Financial markets are hard to understand, these days one of my readers’ emails has been: what does the Federal Reserve really do?
This will be a different article that (I hope) will help you get a clearer idea of how financial markets work. When we do technical or fundamental analysis, we have to pay close attention to the decisions of the Federal Reserve.
As you can imagine the Federal Reserve is not a bank like any other, for some it is a department of the US government that has a duty to manage monetary policy, it is true but not 100%.
I make a bit of a story, in the early 1900s the government was in a near-bankruptcy situation, in 1907 an event called “Bankers’ Panic” triggered a 50% loss on New York Stock Exchange compared to the previous year. At such a critical time alarmed savers withdrew their money and many banks failed.
The situation was general panic, because the United States did not have a central bank, since then 12 of the most important families (J.P. Morgan, Rockffeller, Warburg…) met and in 1913 United States Congress founded the Federal Reserve.
The purpose of this American central bank is to control, stabilise and ensure the functioning of the national banking system.
Federal Reserve uses its direct market activity to trigger monetary policy decisions, influencing not only the United States but also the world.
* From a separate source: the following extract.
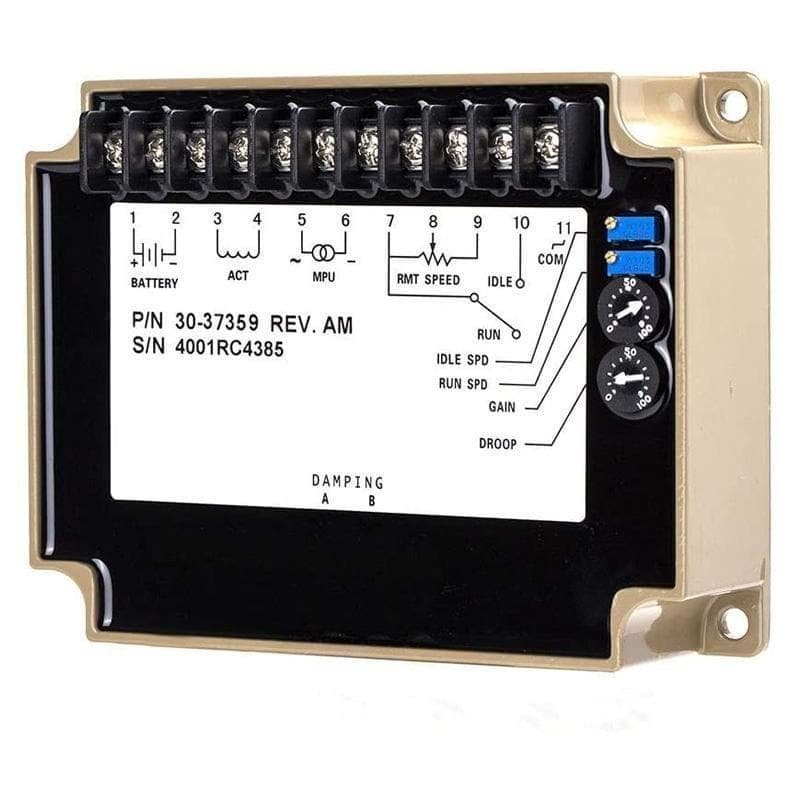 3037359 Efc Speed Control Governer For Cummins 4Bt 6Bt 6Ct Engine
We understand that Fed manages monetary policy, to do this task has 3 tools:
- Manage Interest Rate
- Monetary Reserve
- Discount Rate
For example, when a family or company needs money, it goes to the bank for a loan and will have an interest rate to pay.
If the economy is growing fast, short-term interest rates will rise, if the economy is struggling Fed lowers rates to boost the economy. If growth is stable, it may decide to leave interest rates unchanged.
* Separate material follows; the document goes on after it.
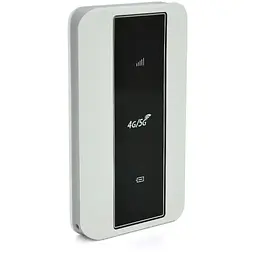 Бездротовий маршрутизатор M10 4G, провідна та бездротова передача, WIFI: 2.4G, LED-дисплей, акумулятор ємністю 2100mAh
Fed’s goal, I repeat, is to maintain price stability in the market, have a low unemployment rate and keep inflation under control.
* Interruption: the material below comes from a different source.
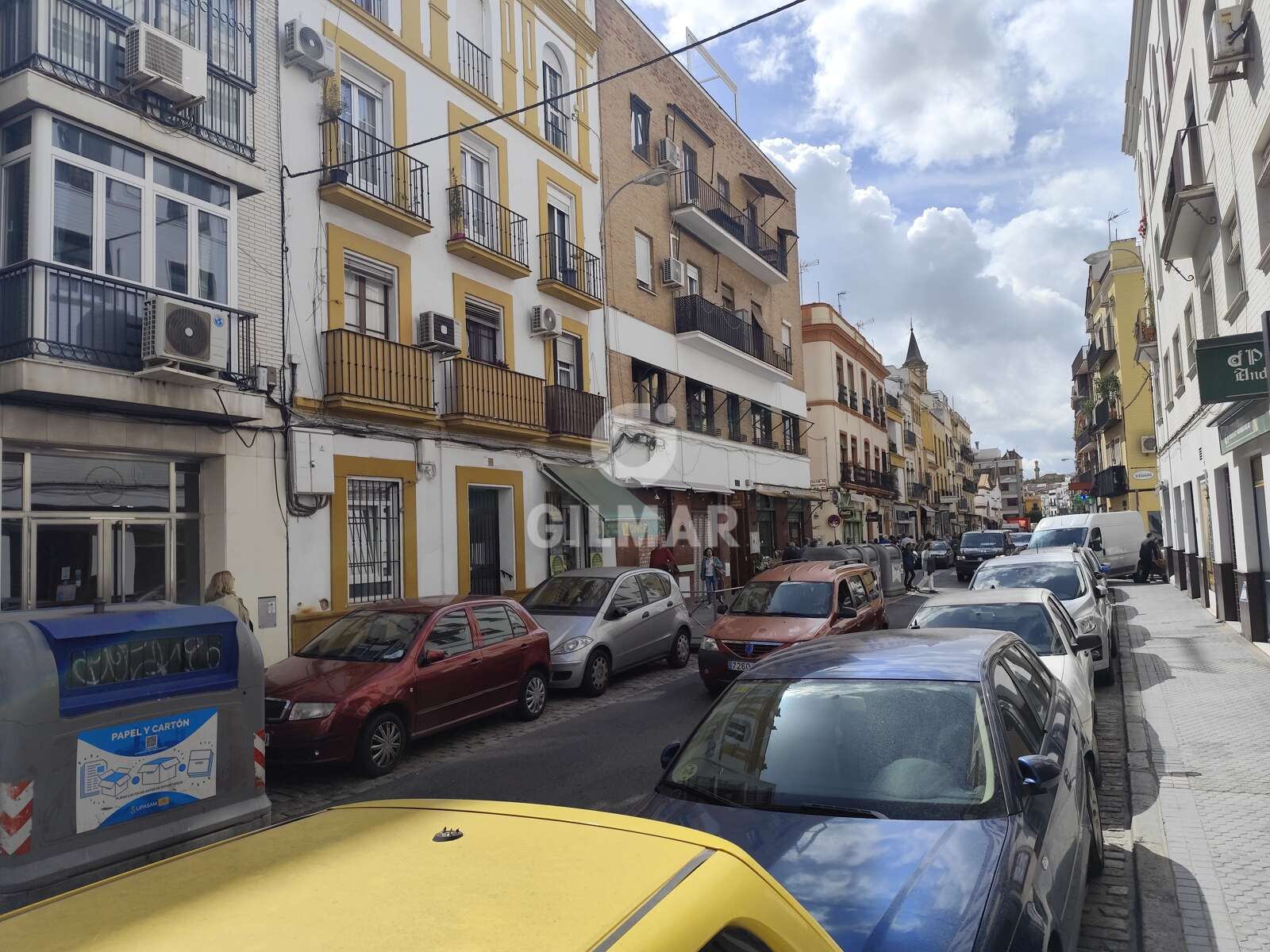 Property slider Gilmar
Job market is being monitored constantly by the Federal Reserve because if there is rising unemployment it will have to lower interest rates to encourage financing for businesses and households.
To manage US monetary policy, the Fed created the Federal Open Market Committee (FOMC) which consists of 7 governors and 5 chairmen of the other Reserve Banks.
It is important to know that the Federal Reserve can buy and sell bonds directly on the market, when you users see that on day X the Central Bank has injected Y billions of dollars of liquidity you will have understood the process.
Unfortunately Fed doesn’t always make right decisions, a case that comes to mind is during the bursting of the internet bubble when Alan Greenspan flooded the financial markets with money, Jerome Powell now reminds me of the same thing
Injecting billions into the market has completely destabilised the situation by creating a gap between finance and the real economy. World stock exchanges should be the mirror of the economy but that is not always the case, these “technicians” in government think they solve problems by printing money but do not realize the damage they cause.
For those who invest, I recommend that you mark the Federal Reserve’s appointment on the calendar because the decisions you make can positively or negatively affect financial markets.